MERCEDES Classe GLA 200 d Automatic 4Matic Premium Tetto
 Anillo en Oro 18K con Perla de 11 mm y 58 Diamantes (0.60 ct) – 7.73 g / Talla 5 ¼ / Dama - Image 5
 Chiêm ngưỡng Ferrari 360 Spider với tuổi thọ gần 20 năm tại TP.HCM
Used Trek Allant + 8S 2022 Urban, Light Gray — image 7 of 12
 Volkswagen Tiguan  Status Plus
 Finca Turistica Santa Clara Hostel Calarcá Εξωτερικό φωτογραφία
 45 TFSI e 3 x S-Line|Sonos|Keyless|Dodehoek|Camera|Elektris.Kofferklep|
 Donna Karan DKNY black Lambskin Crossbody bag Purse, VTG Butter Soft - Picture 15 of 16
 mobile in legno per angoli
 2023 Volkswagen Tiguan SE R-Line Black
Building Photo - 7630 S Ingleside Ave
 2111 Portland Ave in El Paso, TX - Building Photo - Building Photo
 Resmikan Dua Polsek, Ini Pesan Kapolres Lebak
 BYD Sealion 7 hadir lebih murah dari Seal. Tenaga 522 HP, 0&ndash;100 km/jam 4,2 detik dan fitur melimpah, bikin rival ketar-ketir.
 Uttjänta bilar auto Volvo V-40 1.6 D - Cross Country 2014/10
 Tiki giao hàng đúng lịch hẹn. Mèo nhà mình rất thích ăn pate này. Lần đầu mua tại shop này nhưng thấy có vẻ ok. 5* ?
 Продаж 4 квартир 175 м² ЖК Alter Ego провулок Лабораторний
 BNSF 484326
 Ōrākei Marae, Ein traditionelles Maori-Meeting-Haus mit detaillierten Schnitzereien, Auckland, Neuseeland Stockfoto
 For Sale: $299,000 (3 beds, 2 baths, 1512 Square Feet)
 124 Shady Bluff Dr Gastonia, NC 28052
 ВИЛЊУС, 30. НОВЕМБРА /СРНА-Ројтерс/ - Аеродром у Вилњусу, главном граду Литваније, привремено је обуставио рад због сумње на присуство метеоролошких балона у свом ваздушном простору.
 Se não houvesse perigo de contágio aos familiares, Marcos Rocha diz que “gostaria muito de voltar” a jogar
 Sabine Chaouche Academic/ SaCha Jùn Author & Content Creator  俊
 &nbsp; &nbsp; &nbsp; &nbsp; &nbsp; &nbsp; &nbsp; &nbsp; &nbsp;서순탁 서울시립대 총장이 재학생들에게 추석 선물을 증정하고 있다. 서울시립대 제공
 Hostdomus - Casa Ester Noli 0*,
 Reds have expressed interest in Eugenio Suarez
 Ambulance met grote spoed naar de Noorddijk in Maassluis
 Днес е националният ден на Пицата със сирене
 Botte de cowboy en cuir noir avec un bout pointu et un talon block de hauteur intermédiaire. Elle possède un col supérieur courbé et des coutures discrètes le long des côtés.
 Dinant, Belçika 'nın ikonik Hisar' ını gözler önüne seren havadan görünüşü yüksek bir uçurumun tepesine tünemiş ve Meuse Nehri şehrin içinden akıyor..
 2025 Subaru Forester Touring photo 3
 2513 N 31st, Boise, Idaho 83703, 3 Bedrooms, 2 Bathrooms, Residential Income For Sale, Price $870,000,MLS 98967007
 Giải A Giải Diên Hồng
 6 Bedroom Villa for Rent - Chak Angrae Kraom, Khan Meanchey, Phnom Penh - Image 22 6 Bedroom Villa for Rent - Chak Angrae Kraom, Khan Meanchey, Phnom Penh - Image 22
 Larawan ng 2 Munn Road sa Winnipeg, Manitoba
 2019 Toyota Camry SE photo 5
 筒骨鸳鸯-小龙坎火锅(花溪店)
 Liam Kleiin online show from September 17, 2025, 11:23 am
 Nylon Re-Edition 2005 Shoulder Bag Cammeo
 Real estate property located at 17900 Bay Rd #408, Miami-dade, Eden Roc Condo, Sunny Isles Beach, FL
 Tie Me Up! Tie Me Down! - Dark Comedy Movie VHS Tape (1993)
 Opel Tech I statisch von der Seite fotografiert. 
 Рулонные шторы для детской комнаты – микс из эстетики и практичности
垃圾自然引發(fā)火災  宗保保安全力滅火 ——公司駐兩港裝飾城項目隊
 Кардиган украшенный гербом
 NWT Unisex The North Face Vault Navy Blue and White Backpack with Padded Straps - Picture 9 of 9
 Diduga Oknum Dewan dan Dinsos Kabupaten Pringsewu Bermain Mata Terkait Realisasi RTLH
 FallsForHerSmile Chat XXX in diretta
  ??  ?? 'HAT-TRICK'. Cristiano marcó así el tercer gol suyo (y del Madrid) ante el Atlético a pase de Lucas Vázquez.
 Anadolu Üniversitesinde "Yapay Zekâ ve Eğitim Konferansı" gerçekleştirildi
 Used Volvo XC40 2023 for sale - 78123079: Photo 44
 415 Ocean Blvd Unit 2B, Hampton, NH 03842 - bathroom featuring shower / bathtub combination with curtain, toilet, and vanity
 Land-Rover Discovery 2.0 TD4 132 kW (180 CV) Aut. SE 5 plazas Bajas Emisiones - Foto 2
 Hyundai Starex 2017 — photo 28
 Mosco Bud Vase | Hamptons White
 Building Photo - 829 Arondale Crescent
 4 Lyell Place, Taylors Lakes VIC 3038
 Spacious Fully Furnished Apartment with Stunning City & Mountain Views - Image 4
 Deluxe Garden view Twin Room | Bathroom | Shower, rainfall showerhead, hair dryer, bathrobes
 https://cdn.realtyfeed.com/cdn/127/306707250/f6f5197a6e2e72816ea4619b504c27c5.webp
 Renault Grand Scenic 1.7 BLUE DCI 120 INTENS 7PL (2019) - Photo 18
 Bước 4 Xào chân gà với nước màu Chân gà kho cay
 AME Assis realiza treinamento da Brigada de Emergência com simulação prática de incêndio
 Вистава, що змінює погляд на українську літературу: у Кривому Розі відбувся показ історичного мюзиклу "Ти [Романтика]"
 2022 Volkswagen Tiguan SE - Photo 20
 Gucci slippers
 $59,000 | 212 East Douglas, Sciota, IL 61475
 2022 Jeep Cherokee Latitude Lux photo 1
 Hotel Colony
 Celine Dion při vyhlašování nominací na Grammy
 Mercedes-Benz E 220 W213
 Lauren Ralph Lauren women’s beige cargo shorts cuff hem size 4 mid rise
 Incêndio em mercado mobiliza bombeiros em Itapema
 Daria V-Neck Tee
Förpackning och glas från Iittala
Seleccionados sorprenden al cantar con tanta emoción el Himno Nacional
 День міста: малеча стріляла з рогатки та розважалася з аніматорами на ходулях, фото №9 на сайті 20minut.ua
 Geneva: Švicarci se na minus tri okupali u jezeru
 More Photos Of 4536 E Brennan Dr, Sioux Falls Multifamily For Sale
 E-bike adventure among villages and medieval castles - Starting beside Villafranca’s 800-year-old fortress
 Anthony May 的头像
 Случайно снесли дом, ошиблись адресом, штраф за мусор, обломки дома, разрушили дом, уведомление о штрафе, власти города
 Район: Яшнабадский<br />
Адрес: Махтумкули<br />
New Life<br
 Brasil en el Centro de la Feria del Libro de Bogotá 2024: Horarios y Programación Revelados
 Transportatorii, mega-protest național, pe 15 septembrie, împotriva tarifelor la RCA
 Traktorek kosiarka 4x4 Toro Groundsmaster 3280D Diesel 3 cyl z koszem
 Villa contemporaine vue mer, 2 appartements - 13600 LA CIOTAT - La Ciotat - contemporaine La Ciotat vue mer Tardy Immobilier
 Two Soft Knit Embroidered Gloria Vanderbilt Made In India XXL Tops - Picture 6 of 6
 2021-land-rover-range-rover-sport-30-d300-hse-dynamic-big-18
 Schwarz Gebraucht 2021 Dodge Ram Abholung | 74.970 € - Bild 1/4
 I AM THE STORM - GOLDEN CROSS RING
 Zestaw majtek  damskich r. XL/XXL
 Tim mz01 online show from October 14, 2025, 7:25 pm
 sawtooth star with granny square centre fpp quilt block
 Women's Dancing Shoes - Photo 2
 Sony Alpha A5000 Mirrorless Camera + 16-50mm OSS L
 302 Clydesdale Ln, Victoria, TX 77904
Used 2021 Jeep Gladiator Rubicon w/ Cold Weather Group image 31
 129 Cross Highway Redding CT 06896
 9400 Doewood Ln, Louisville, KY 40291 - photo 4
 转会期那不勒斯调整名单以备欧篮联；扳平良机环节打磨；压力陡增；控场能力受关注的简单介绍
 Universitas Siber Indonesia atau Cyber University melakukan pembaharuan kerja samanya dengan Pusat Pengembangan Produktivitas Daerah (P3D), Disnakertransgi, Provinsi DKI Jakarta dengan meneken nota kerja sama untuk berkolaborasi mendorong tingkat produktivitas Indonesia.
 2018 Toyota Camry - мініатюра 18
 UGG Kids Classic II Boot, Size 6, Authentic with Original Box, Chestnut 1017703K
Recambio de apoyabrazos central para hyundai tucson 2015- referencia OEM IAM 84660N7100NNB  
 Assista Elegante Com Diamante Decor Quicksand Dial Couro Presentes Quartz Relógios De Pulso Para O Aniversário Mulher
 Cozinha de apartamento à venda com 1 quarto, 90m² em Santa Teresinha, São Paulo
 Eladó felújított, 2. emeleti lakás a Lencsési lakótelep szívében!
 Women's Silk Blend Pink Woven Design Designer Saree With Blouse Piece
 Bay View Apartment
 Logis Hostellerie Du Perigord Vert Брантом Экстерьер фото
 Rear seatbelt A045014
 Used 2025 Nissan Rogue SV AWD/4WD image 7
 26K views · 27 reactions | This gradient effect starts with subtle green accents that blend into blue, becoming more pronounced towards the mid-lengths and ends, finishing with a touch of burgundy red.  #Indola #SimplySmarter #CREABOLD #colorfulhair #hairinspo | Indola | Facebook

------------------------------------------------------------------------

Above are the entries. Copy exactly the part that opens with the line containing "Рулонные шторы для" and closes with the line containing "Zekâ ve Eğitim", and no more.

## WRITTEN SOLUTION
 Рулонные шторы для детской комнаты – микс из эстетики и практичности
垃圾自然引發(fā)火災  宗保保安全力滅火 ——公司駐兩港裝飾城項目隊
 Кардиган украшенный гербом
 NWT Unisex The North Face Vault Navy Blue and White Backpack with Padded Straps - Picture 9 of 9
 Diduga Oknum Dewan dan Dinsos Kabupaten Pringsewu Bermain Mata Terkait Realisasi RTLH
 FallsForHerSmile Chat XXX in diretta
  ??  ?? 'HAT-TRICK'. Cristiano marcó así el tercer gol suyo (y del Madrid) ante el Atlético a pase de Lucas Vázquez.
 Anadolu Üniversitesinde "Yapay Zekâ ve Eğitim Konferansı" gerçekleştirildi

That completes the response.